A small number of studies have employed qualitative approaches in their explorations of digital image collection use. Noting a gap in the literature on attempts to understand visual meaning-making practices in archival settings, Paul Conway and Ricardo Punzalan explored how expert users interacted with digitized photographs.28 They developed a model called “Fields of Vision,” identifying three different modes of inquiry (storytelling, discovering, and landscaping) to help contextualize motivations for participants' use of digitized photographs. In another qualitative study, Kathleen Fear examined how users working with digital image collections perceived various Dublin Core metadata elements.29 Although the stated purpose of the study was to examine search behavior, Fear's research offers contextual, nuanced descriptions of how users interact with digital image collections. In an effort aimed at understanding image use across disciplines, Joan E. Beaudoin investigated four professional groups (archaeologists, architects, art historians, and artists) to note similarities and differences in practices.30 The most common motivating factor shared across all four groups was “knowledge development.”

Quantitative methods can be beneficial for understanding aspects of image use including useful baseline information about resource use. Yet such approaches can over-emphasize information access points—or how scholars locate particular objects using a specific information channel for object retrieval.31 Treating access and delivery mechanisms as proxies for use obscures important aspects of the information experience. As Laura Sheble and Barbara Wildemuth pointed out, transaction logs “cannot tell us anything about the users' cognitive or affective responses during the system interaction.”32 Citation analysis also presents an incomplete picture of use, as citation practices for digitized archival materials are continuously evolving. Databases like the Web of Science also do not currently provide interfaces that permit citation searches by material type, making citation analysis for visual materials like photographs particularly difficult.

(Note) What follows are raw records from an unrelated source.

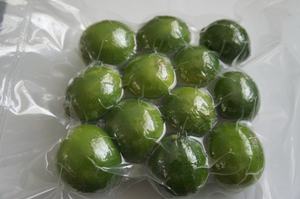 Iqf มะนาวแช่แข็ง | ต้นกำเนิดของเวียดนาม | ทั้งหมด & หั่นบางๆ | ส่งออกจำนวนมาก - Product Image 6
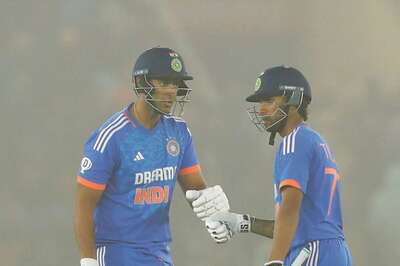 IND vs BAN 1st T20I: India Suffer Massive Blow as World Cup Winning All-rounder Ruled Out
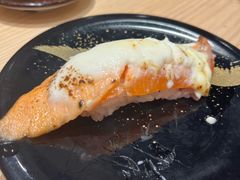-大起水产回转寿司(大丸心斋桥店)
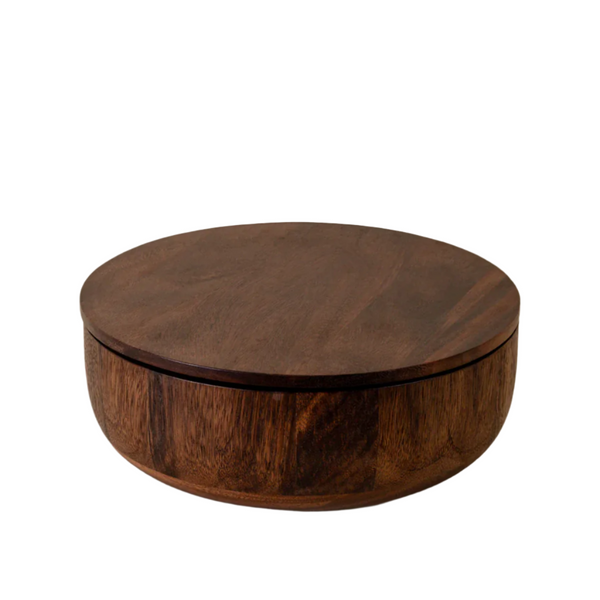 Dot salad bowl
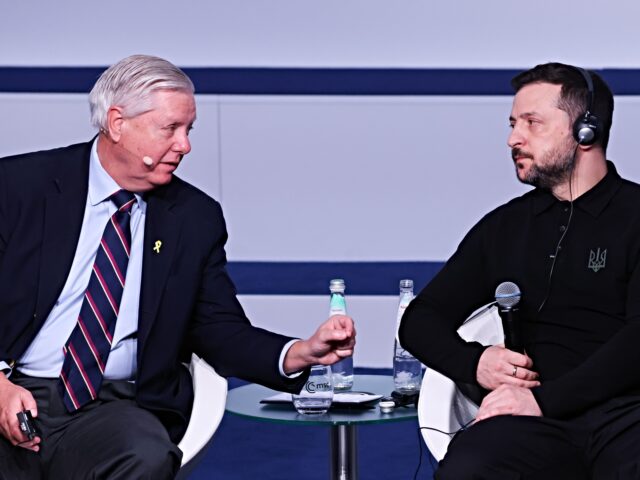 zelensky graham Senator Lindsey Graham, a Republican from South Carolina and chairman of the Senate Budget
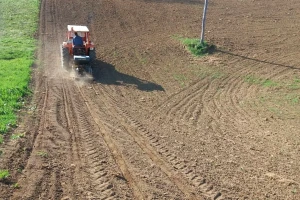 Za proljetnu sjetvu u ZDK - 350.000 KM, bez konkursa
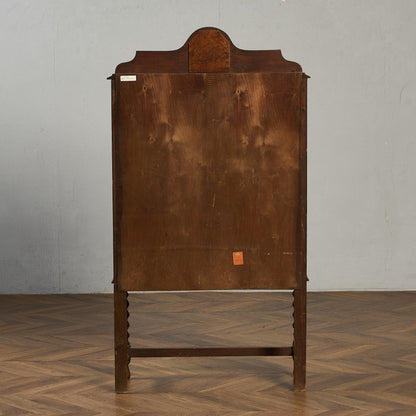 英国 クラシック ブックケース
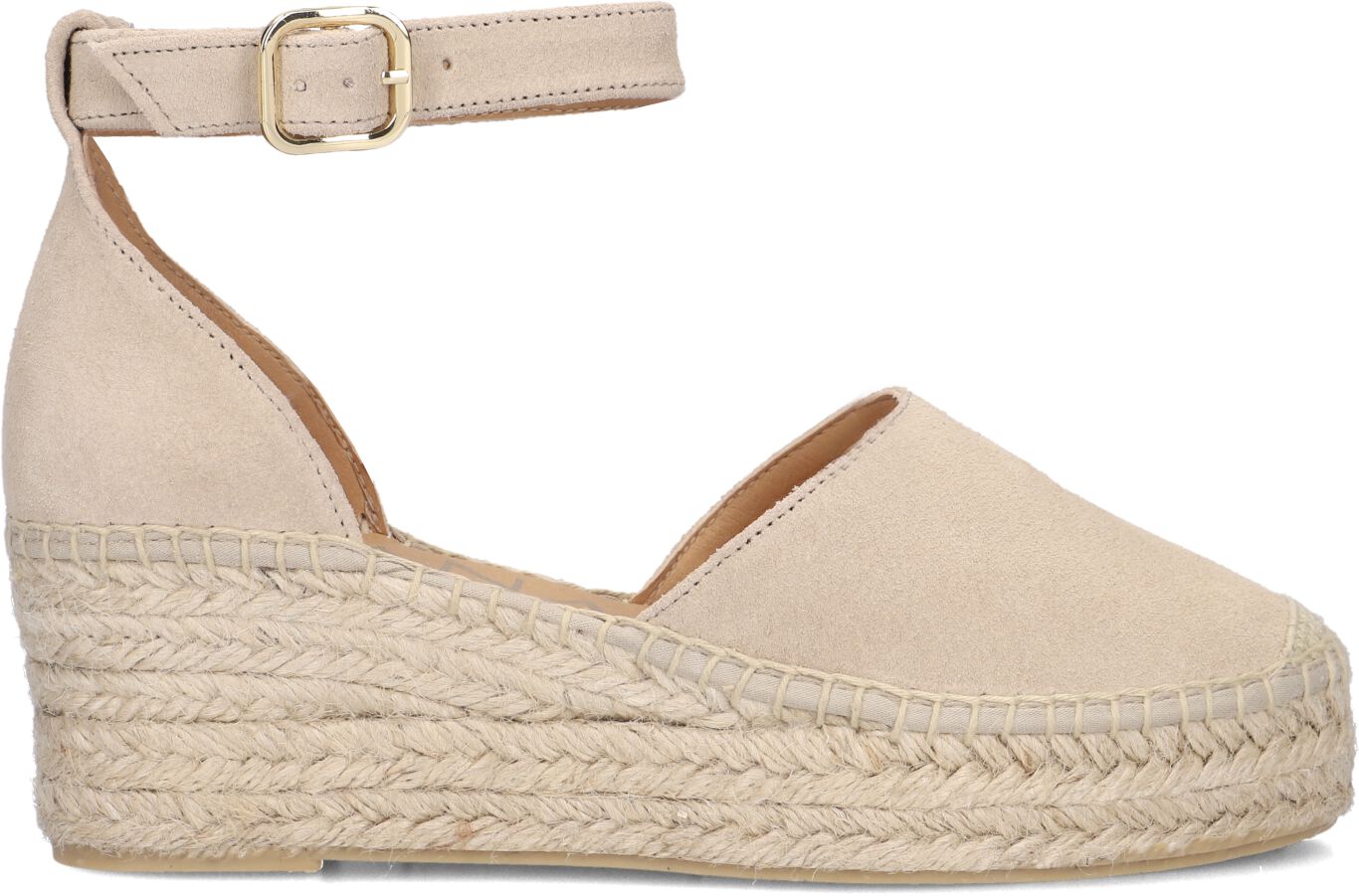 Ayana Espadrilles
Dames Yu689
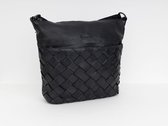 Mooie Shopper Bag2Bag Sevilla Zwart Limited Edition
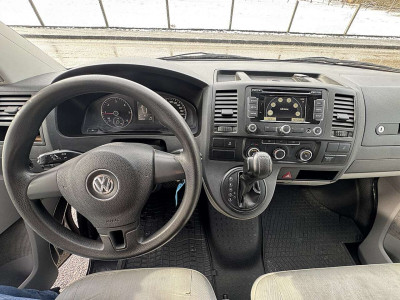 VW Transporter T5 Gebrauchtwagen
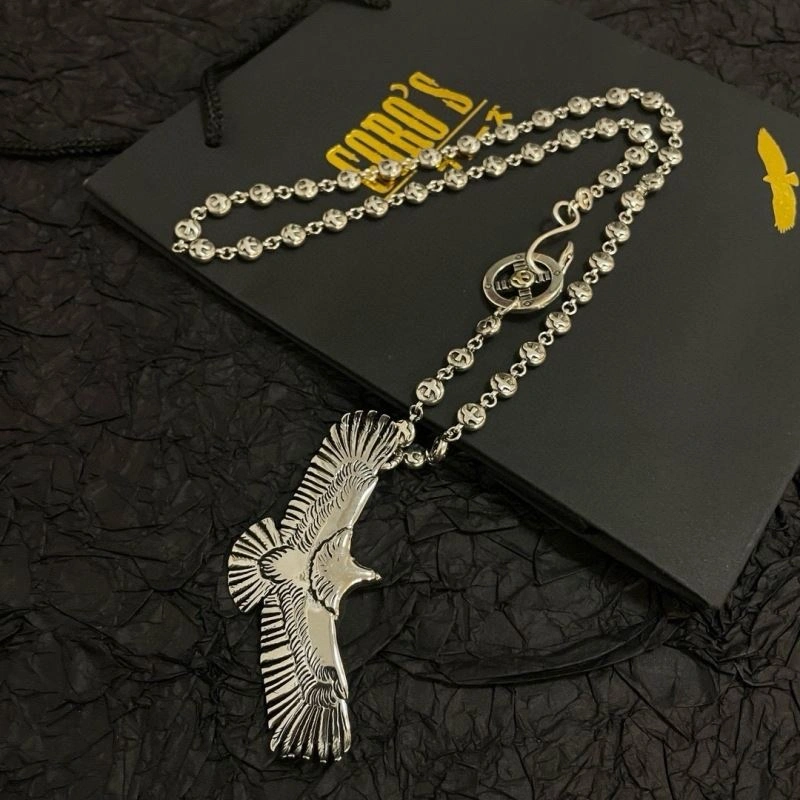 SmartChoice Goros Necklaces 212599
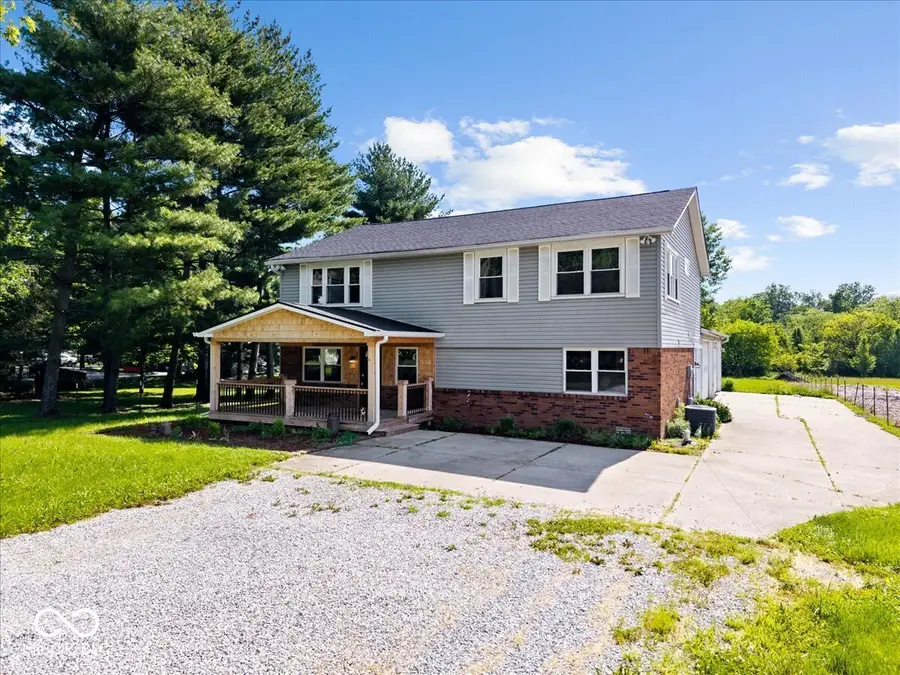 7835 Caswell Street, Indianapolis, IN 46259 - #2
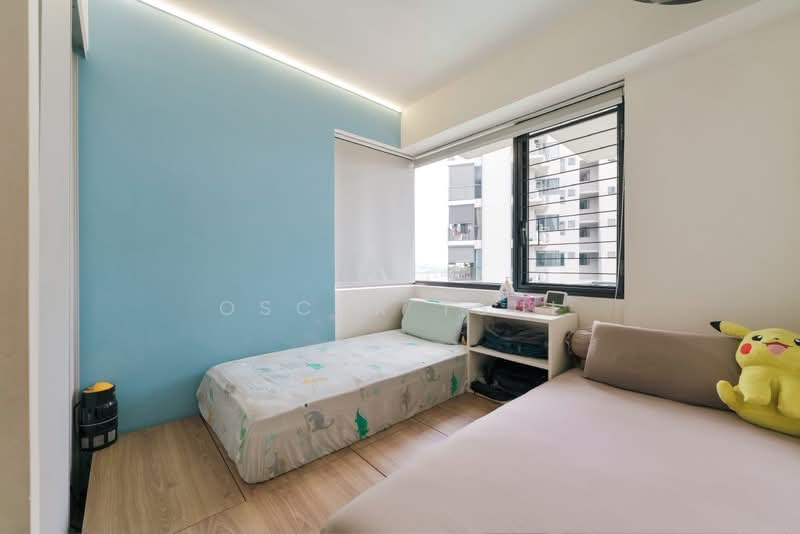 High Park Residences Apartment For Sale at S$ 2,099,000 | PropertyGuru Singapore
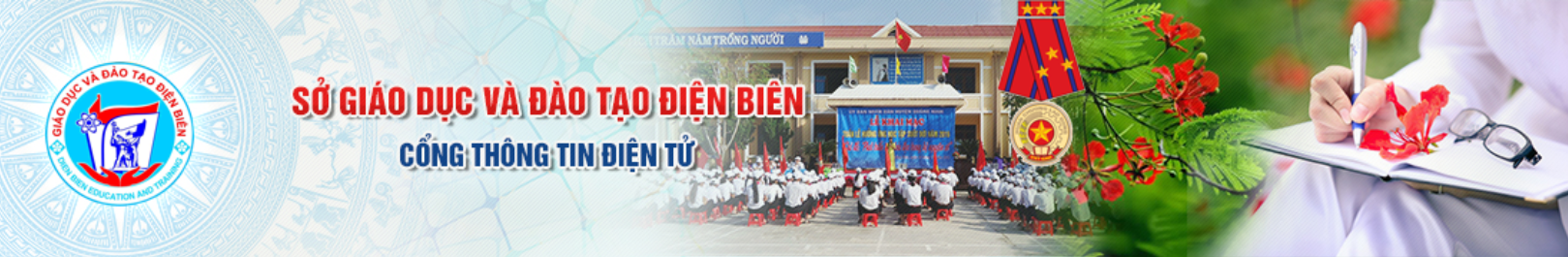 Cổng thông tin liên kết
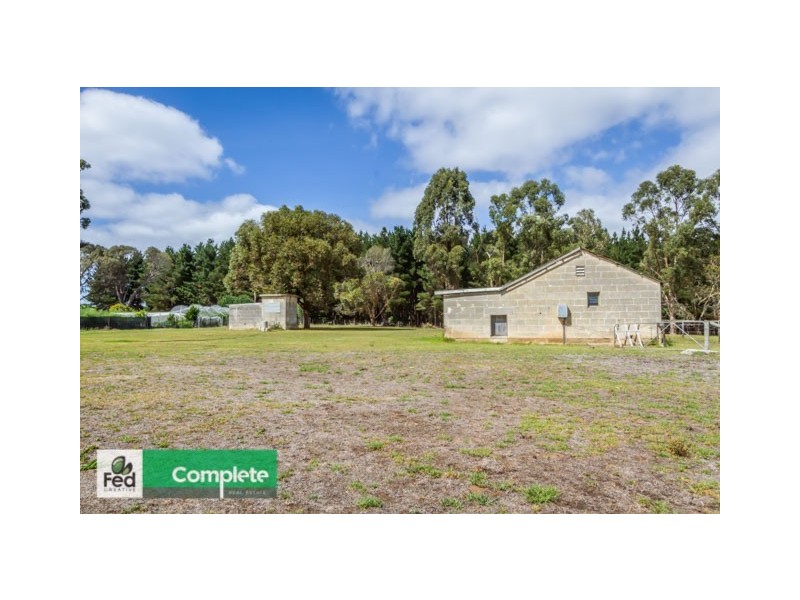 326 Hill Road, Yahl SA 5291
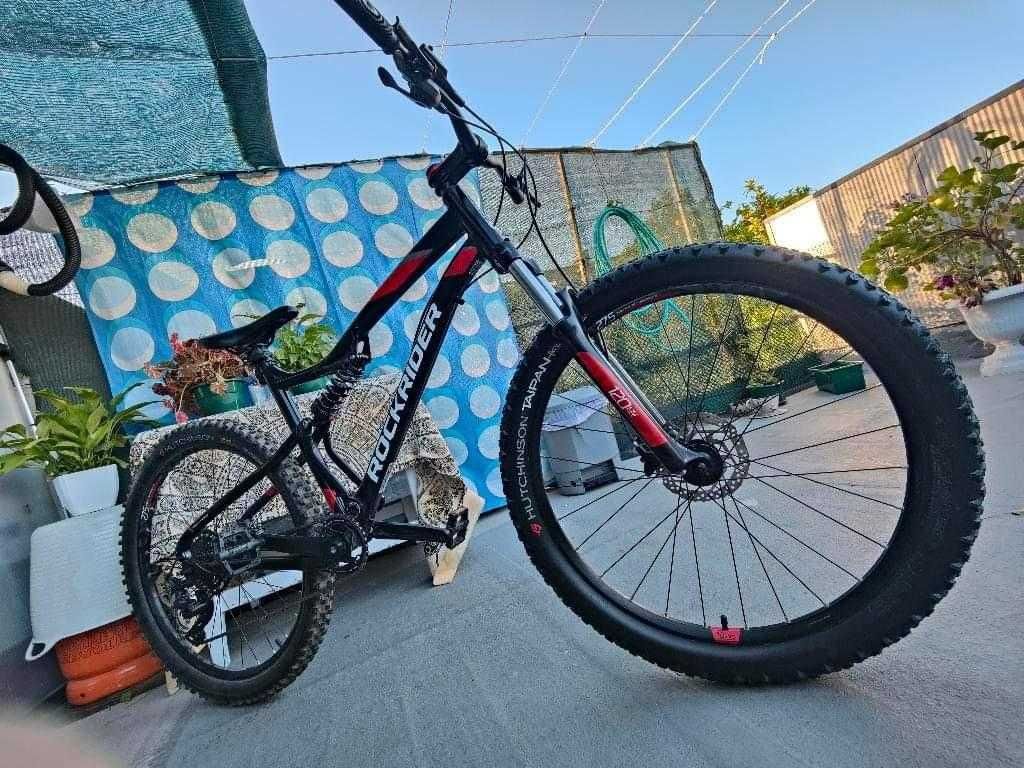 Vende se Bicicleta btt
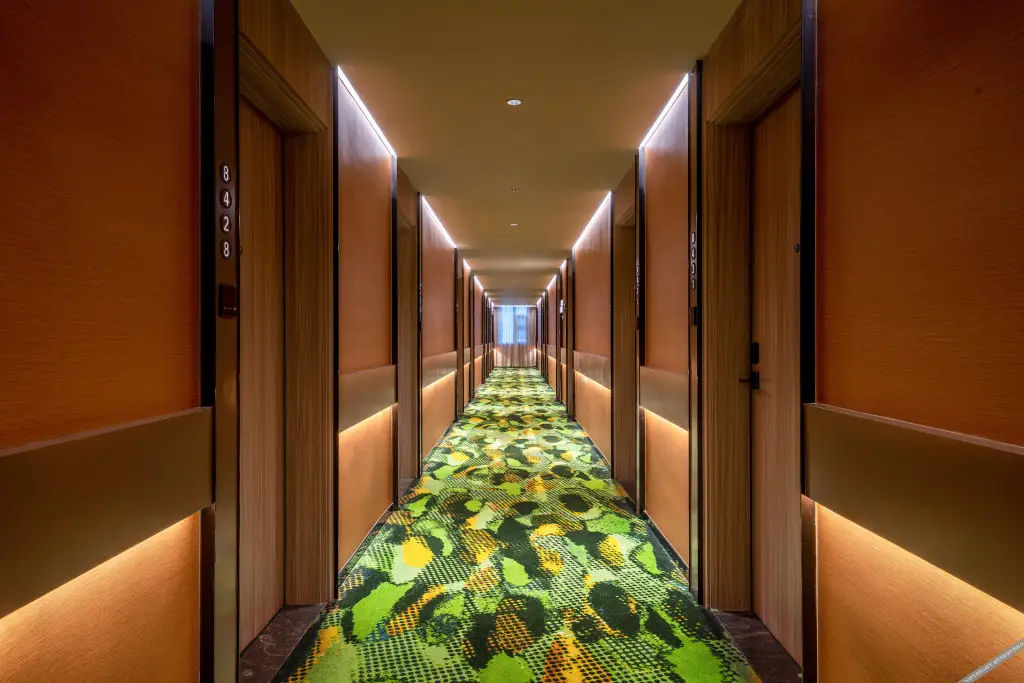 Шэньчжэнь: Orange Hotel (Shenzhen North Railway Station)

User needs can also shift in the course of a single interaction. Quantitative approaches that count access to a resource do not capture dimensions that may in fact deter use. In a study of visual information seeking among video users, Dan Albertson noted, “Visual information can influence outcomes in an interactive process and presents variations in the types of needs, tasks, considerations, and decisions of users, as compared to information seeking in other contexts.”33 In other words, ecological, emergent factors can mediate experiences significantly in ways that may not accurately reflect actual outcomes of use. If we only study cases where resource access signifies successful use, what can we learn about the characteristics that make environments usable and useful for scholars? The studies reviewed in the literature provide very little insight into critical dimensions related to scholarly use (or nonuse) of materials.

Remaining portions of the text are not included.